Un climat tendu, des soupçons persistants
Dès l’ouverture des travaux, la tonalité était pourtant empreinte d’appel à la responsabilité. Khady Diène Gaye, ministre de la Jeunesse, des Sports et de la Culture, avait lancé les discussions en insistant sur l’importance de la transparence et du respect des textes. Dans une fédération souvent critiquée pour son manque de collégialité, ce discours visait à rassurer, à rappeler que l’avenir du football sénégalais se joue aussi dans la manière de gérer le pouvoir.
Mais les longues heures d’attente, les démissions de dernière minute et les rumeurs persistantes ont fini par faire basculer l’assemblée dans une forme de lassitude nerveuse. Loin d’un moment de célébration, le dépouillement final s’est déroulé dans un CICAD à moitié vidé de son énergie. Si Abdoulaye Fall a remporté le second tour avec 321 voix, contre seulement 30 pour Mady Touré, le climat général interroge sur l’état de santé institutionnelle du football national. La lassitude des clubs, les critiques sur la mainmise de certaines coalitions régionales, et la fatigue démocratique perceptible augurent d’un mandat qui devra s’attaquer à une refondation en profondeur.
Un héritage lourd à porter
Le départ de Me Augustin Senghor marque la fin d’un long cycle.
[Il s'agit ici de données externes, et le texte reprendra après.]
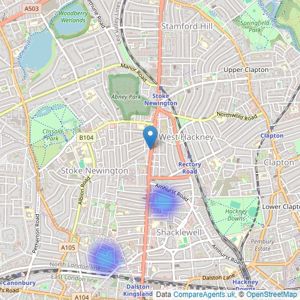 Smart Move - Stoke Newington listings heatmap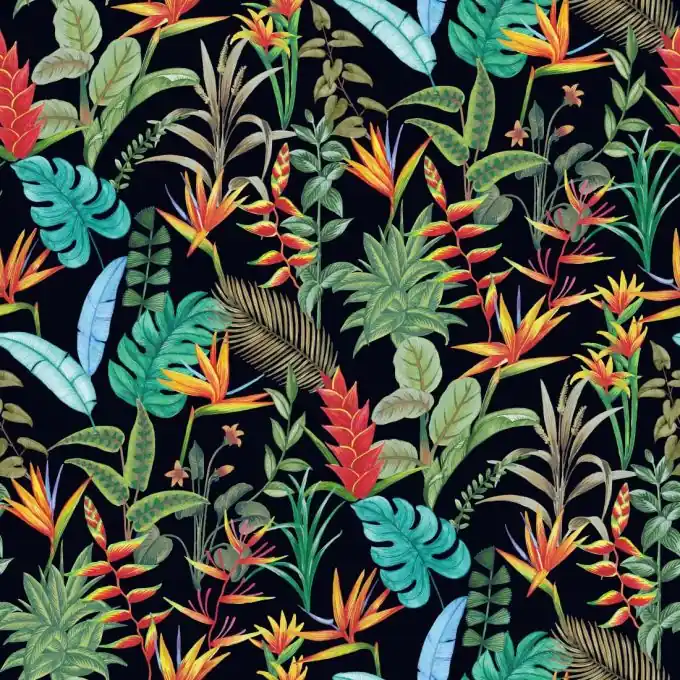 Jetzt Bestellen Outdoorstoff Blätter Bunt Schwarz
L’ancien président, souvent critiqué mais également crédité d’avoir stabilisé la FSF et soutenu le développement de l’équipe nationale masculine jusqu’à son sacre continental, laisse un fauteuil chargé de défis. À son successeur de démontrer qu’il ne s’agira pas d’un simple passage de témoin entre clans d’influence, mais d’un engagement réel pour moderniser les compétitions locales, améliorer la gouvernance des ligues régionales, et redonner aux acteurs de terrain la place qu’ils méritent.
Au sortir de ce scrutin de 20 heures, ce ne sont pas seulement des bulletins que l’on a comptés, mais des frustrations qu’il faudra désormais canaliser. Pour éviter que l’élection ne devienne un simple exercice de façade, Abdoulaye Fall devra vite clarifier ses priorités et rassurer ceux qui, hier encore, doutaient du processus. Le football sénégalais a encore faim de victoires, mais il exige désormais un jeu transparent, sur le terrain comme dans les coulisses.